Your output should match this:

Early termination on iteration 6
1 2 3 4 5 6 7 8 9

Show Solution


9.5 -- Multidimensional Arrays
Index
9.3 -- Arrays and loops

602 comments to 9.4 — Sorting an array using selection sort

  • spaceman

    I can use:

    std::size_t, std::swap() and std::size()

    regardless of this headers being added or not

    #include <cstddef>
    #include <iterator>
    #include <utility>

    I just use
    #include <iostream>

    why?

    • Alex

      Because your iosteam includes these other headers, which means when you include iostream, those headers are included transitively. Although this may work on your compiler, you should not rely on it. Explicitly include all the headers you need.

      • spaceman

        does this mean that iostream is different in every compiler? I use VS2019, how should I configure it so my iostream is the same as all others iostreams?

        Thanks in advanced and love your work.

        • Alex

          Different implementations of iostream may include different headers. Header files do not provide any guarantees about what other headers they include.

          Rather than try and "fix" iostream, just #include the headers you need directly in your code, as is the best practice.

  • RR

    Can we bubble sort in this way instead? Is this correct (I know it works) and are there any downsides to this?

  • John

  • Dark_Tracker

    Hi nascardriver,
    There is a bug in solution of Question 2. I think the swap function should be inside the if(..) statement

    Like this
            if (array[currentIndex] > array[largestIndex])
                {
                    // This is the new largest number for this iteration
                    largestIndex = currentIndex;
                    // Swap our start element with our largest element
                    std::swap(array[startIndex], array[largestIndex]);
                }

  • Lucy Kumapawa

    Question #4.
    There are definition and declaration in the first loop: // bool swapped{ false };
    Is there any difference if we would declare bool variable out of the loop and would leave in the loop only definition?
    Thanks in advance for answering.

    • nascardriver

      If you declared `swapped` outside of the loop, you'd have to reset it in every iteration.
      For fundamental types, there's no difference between declaring it inside or outside of the loop.
      For user-defined types, assignment can be faster than initialization. Even then, the variable will often be defined inside of the loop for readability's sake.

  • Alexander Agruso

    Hey, for the first optimization of bubble sort, I came up with something slightly different, that still sorts the array properly.
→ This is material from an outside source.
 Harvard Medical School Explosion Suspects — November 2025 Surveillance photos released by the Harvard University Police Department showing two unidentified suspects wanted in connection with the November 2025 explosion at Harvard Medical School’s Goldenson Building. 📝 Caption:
Here is my algorithm:
    [code]
        for (int startIndex {0}; startIndex < size - 1; startIndex++)
        {
            bool noSwap {true};
            
            for (int currentIndex {0}; currentIndex < size - startIndex; currentIndex++)
            {
                if (array[currentIndex] > array[currentIndex + 1])
                {
                    noSwap = false;
                    std::swap(array[currentIndex], array[currentIndex + 1]);
                }
            }
            
            if (noSwap)
            {
                std::cout << "Early termination at " << startIndex + 1 << " iterations" << std::endl;
                break;
            }
        }
    [code]

  • kio

    Hi Nascar and Alex, I'm back :D

    Is having adjcentIndex and doing ++adjcentIndex every iteration better soultion than doing [currentIndex+1] from performance standpoint?

    Thank you.

    • nascardriver

      Hi kio!

      I don't think there's a difference. In either case you have to do `++currentIndex`. In one case you do `currentIndex + 1`, in the other you do `++adjecentIndex`. You can run benchmarks if you want to know for sure, though I wouldn't be surprised if the compilers turns both versions into the same binary code.

  • Husain Patel

    Please if anyone can explain question#4 in a more easy way, I did not get it.

  • SuperNoob

    Everything is fine except the site shows some weird behavior at times. Like comment keeps loading, or keeps saving. Sometime the site itself doesn't load at all. Shows "origin error". Although I have fast internet connection and every other sites loads well.

  • SuperNoob

    Solution #3
    I did some benchmarks. Mine is a bit faster. Besides, I think it's a bit easier to understand than nested for loops.

  • betty

    could you please help me to Write a C++ program that will implement all of the sorting algorithms. The program should accept different unsorted data items from user and sort using all algorithms and should tell which algorithm is efficient for that particular unsorted data items.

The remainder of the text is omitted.